GPU Architecture

24. GPU Architecture#

24.1. Pre-Reading#

GPU Performance Background User’s Guide

Spiderman with and without Ray Tracing

Objectives#

Explain how GPU hardware accelerates mathematic computations.
Describe the difference between memory- and math-limited algorithms.

24.2. Accumulating your Multiply Accumulates#

Multiply-add is the most frequent operation in modern neural networks, acting as a building block for fully-connected and convolutional layers, both of which can be viewed as a collection of vector dot-products. ~ GPU Performance Background User’s Guide

Recall that a dot product can be calculated as the product of the magnitudes (lengths) of each vector and the cosine of the angel between them. Visually, this is the transformation of two arrows in space.

\[ c = \mathbf{a} \cdot \mathbf{b} = |\mathbf{a}|\cdot|\mathbf{b}|\cdot\cos(\theta) \]

Alternatively, the dot product can be calculated as the multiplication and summation of each element of two matrices.
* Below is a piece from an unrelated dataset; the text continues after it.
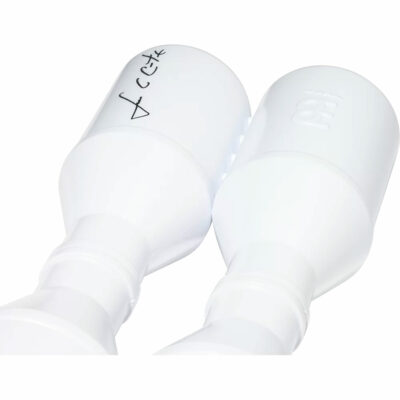 ⁦שייקר לואיס קונטה לבן - MEINL SH5WH Luis Conte Shaker White⁩ – תמונה ⁦7⁩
This formation will be more helpful for understanding the application to machine learning.

\[ c= \bf{a} \cdot \mathbf{b} = \sum_{i=1}^{n} a_i b_i \]

As we’ve seen in previous exercises, a for loop that iterates element-wise over the vectors is extremely slow. But these operations can happen in parallel, via matrix multiplication.
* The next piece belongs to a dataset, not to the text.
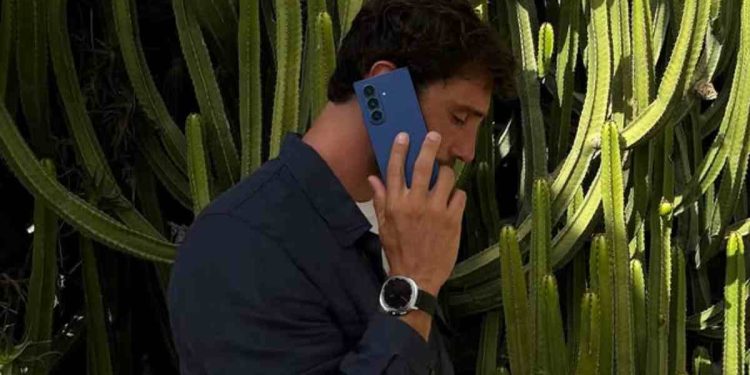 Stefano De Martino Polizia Postale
The multiplication of an \(m\times n\) matrix with an \(n \times p\) matrix will be an \(m \times p\) matrix. Notice that the inner, \(n\), dimensions must match in order for a dot product to be possible.

\[ \mathbf{C} = \mathbf{A} \mathbf{B}, \quad \text{where} \quad C_{ij} = \sum_{k=1}^{n} A_{ik} B_{kj}\]

Tensors in Neural Networks#

Recall that tensors are multi-dimensional matricies and that DNNs operate on tensors via three types of layers:

Input layer accepts a batch of samples, where each sample is an N-dimension tensor of data.
Hidden layers handle the work of extracting features from each sample.
Output layer provides probabilities that a sample belongs to a particular class.

The neurons in each layer are linked through a series of connections, each of which is assigned a specific weight. The weight of a link from one neuron to the next signifies the importance of the first neuron to the neuron in the next layer.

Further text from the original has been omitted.